Information provided:
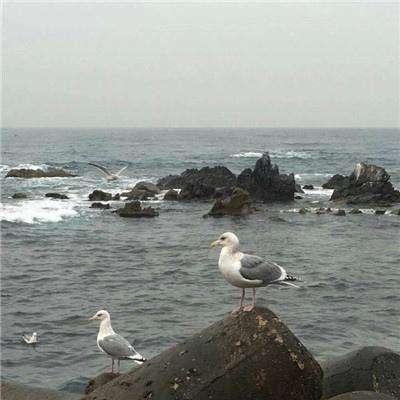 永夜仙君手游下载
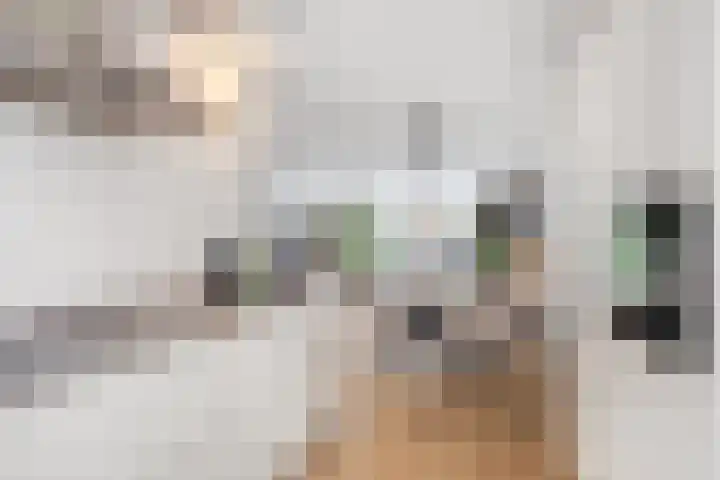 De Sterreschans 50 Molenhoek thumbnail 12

* * *

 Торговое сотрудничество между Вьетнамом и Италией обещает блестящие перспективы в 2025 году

* * *

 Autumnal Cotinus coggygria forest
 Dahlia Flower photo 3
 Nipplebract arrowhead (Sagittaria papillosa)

What you are asked to do: The output should be exactly the lines above from the line containing "Autumnal Cotinus coggygria forest" to the line containing "Nipplebract arrowhead (Sagittaria papillosa)", inclusive, with no other lines.

Response to the exercise:
 Autumnal Cotinus coggygria forest
 Dahlia Flower photo 3
 Nipplebract arrowhead (Sagittaria papillosa)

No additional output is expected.